### The problem
Reproduce verbatim all of the data given below, but do not carry over the images.

### Available data

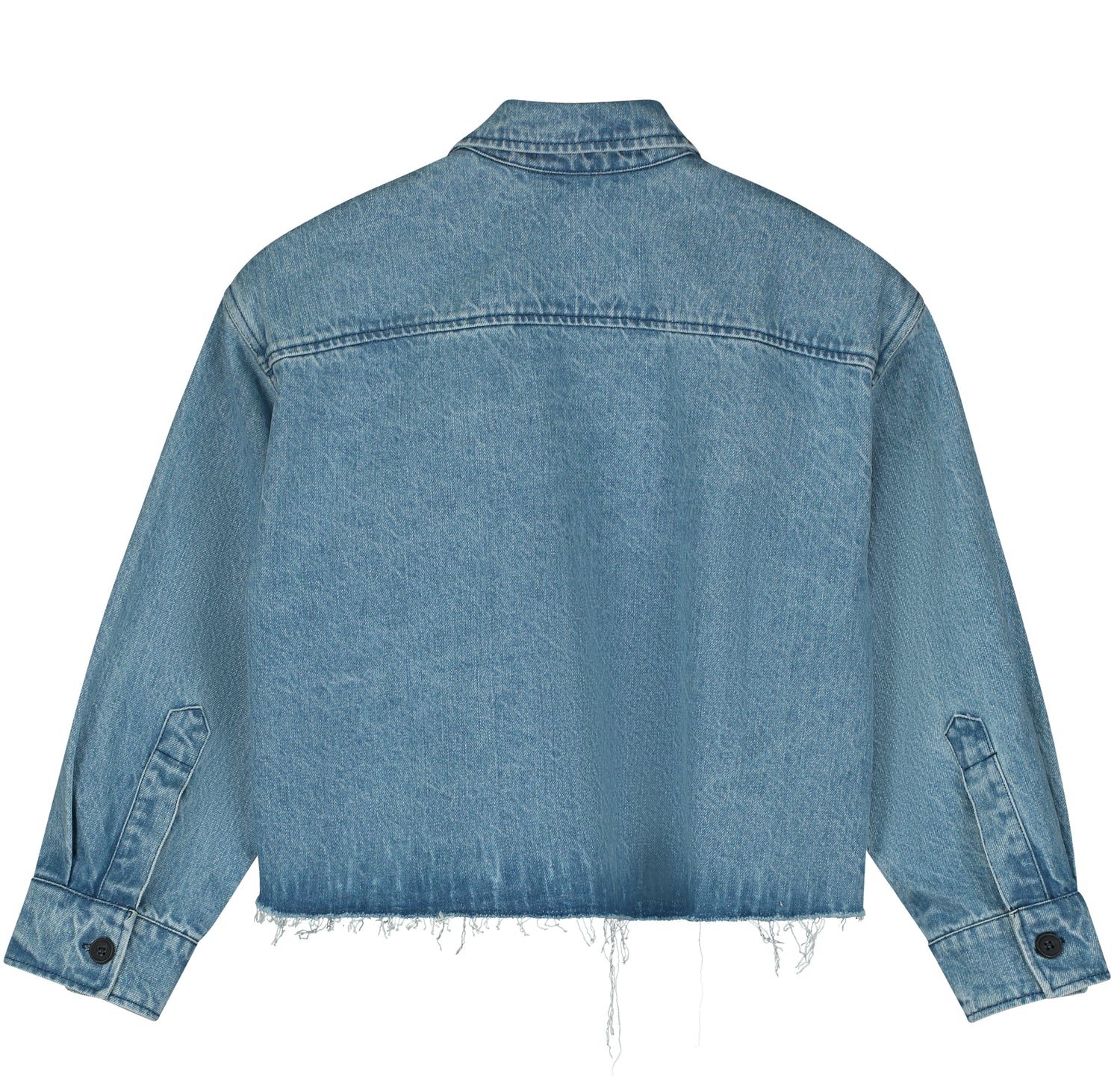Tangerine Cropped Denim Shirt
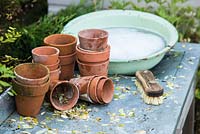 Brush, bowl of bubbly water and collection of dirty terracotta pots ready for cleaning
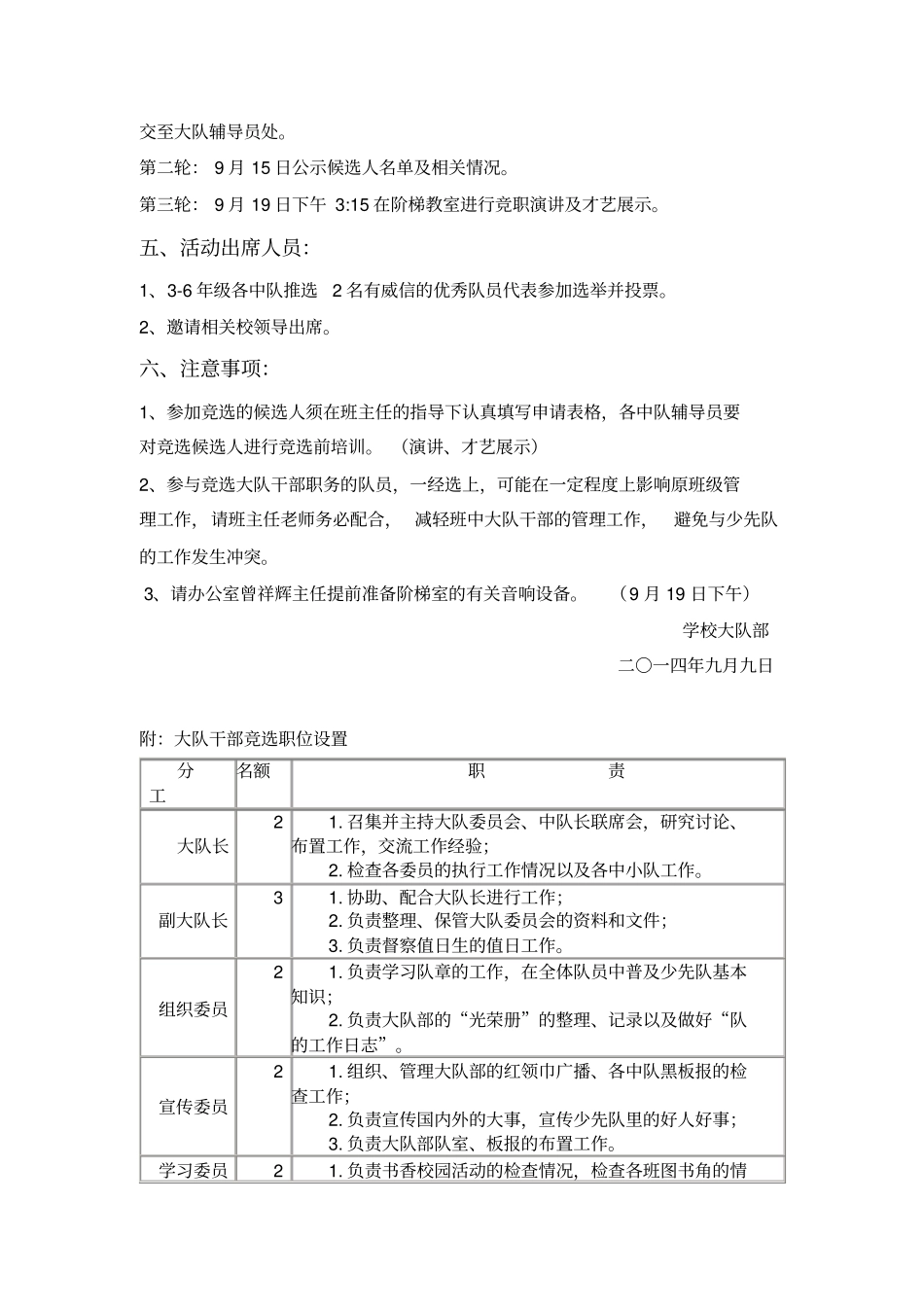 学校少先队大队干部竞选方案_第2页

### Written answer
Tangerine Cropped Denim Shirt
 Brush, bowl of bubbly water and collection of dirty terracotta pots ready for cleaning
 学校少先队大队干部竞选方案_第2页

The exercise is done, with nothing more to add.